ABOUT THIS EXERCISE: Every entry in the data below needs to be repeated exactly.

○ ○ ○ ○ ○

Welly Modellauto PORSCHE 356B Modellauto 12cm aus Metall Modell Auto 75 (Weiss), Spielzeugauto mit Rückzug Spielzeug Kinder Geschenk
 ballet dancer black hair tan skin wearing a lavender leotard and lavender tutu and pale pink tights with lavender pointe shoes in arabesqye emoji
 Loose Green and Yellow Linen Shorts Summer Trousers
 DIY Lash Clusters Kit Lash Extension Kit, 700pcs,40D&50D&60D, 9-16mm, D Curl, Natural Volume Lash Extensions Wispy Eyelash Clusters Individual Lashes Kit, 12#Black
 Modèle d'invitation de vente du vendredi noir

○ ○ ○ ○ ○

ANSWER SPACE:
Welly Modellauto PORSCHE 356B Modellauto 12cm aus Metall Modell Auto 75 (Weiss), Spielzeugauto mit Rückzug Spielzeug Kinder Geschenk
 ballet dancer black hair tan skin wearing a lavender leotard and lavender tutu and pale pink tights with lavender pointe shoes in arabesqye emoji
 Loose Green and Yellow Linen Shorts Summer Trousers
 DIY Lash Clusters Kit Lash Extension Kit, 700pcs,40D&50D&60D, 9-16mm, D Curl, Natural Volume Lash Extensions Wispy Eyelash Clusters Individual Lashes Kit, 12#Black
 Modèle d'invitation de vente du vendredi noir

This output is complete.